You can likely fix this by using an extended alpine draw. If you skip the bolt entirely, there is a chance that your second could have a big fall as they traverse over to the anchor … perhaps making it hard for them to get back on the climb under their own power. But these are just my thoughts. Climbing is dangerous. Hire guides to learn new things.
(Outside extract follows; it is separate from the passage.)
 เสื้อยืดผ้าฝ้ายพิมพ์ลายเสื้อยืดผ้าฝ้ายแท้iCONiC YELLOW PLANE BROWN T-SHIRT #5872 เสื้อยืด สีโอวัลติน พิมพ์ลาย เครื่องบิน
The last two pitches were a great cool down. Pitch seven was a bit slabby, which is not my favourite but ok, fine. Pitch eight was almost a walk with one bouldery move on it.
There is an amazing spot to have lunch at the top. We were joined by some giant mountain ravens who were eyeing up our gummy bears and chips.



Getting back down
And then the “scramble” down! What to make of this? As a mountaineer who has lately taken up climbing, this scramble does not rise to the level of fourth class for me. It’s a hike, steep for sure, but a hike. It reminded me of the Climb (Evac Route) under the Sea to Sky Gondola.
However, I think if you’re a climber who is used to walking from car to crag on a nice gravel path, this scramble down might be harder for you than the climb. Bring real shoes. And you can always rappel if you don’t like how the scramble is going…


Parking
The parking is along the side of the highway right after the Logger’s Creek bridge. (Before the bridge area has no parking signs, and you will get towed there!) Maybe three cars fit in total. AWD or four-wheel drive may help, as you’re in a ditch.

Time
It took us about an hour to hike to the base of the climb, as it was pretty much straight up. And an hour to scramble down to the base of the climb from the top. Then it took another hour to do the reverse hike down. We spent four hours climbing, with about 45 minutes of that waiting for the party ahead of us. And we had a nice lunch break.
So we were car-to-car in about seven and a half hours. This was by no means a speed run, but the party ahead of us and behind us were more or less going at a similar speed. So, the data suggest this is an all-day outing for the average climber.